=== Source data ===

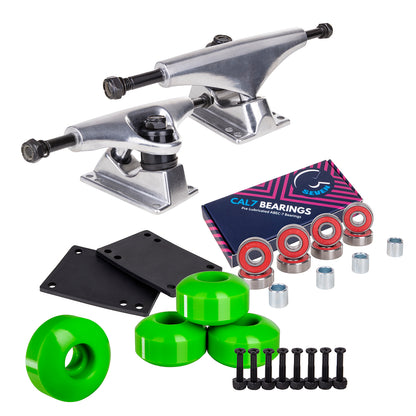 Skateboard Setup Combo | Silver Trucks & 99A Wheels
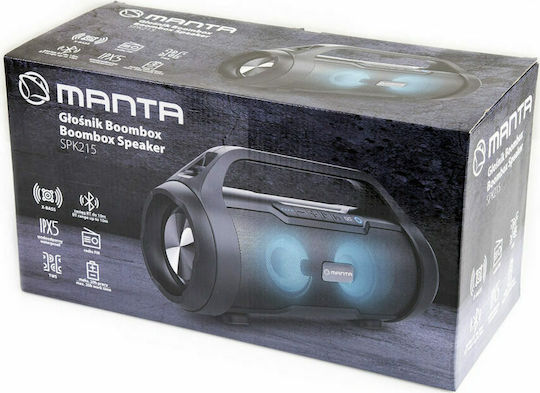 Manta Ηχείο Bluetooth 30W με Ραδιόφωνο και Διάρκεια Μπαταρίας έως 20 ώρες Μαύρο SPK215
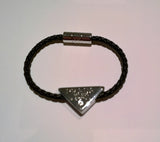 Prada Charm Bracelet with Leather and Metal New in Box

===

--- What is needed ---
Each line from the one that holds "Manta Ηχείο Bluetooth" through the final line of the data must be retyped exactly; the pictures must not appear.

--- Expected answer ---
 Manta Ηχείο Bluetooth 30W με Ραδιόφωνο και Διάρκεια Μπαταρίας έως 20 ώρες Μαύρο SPK215
 Prada Charm Bracelet with Leather and Metal New in Box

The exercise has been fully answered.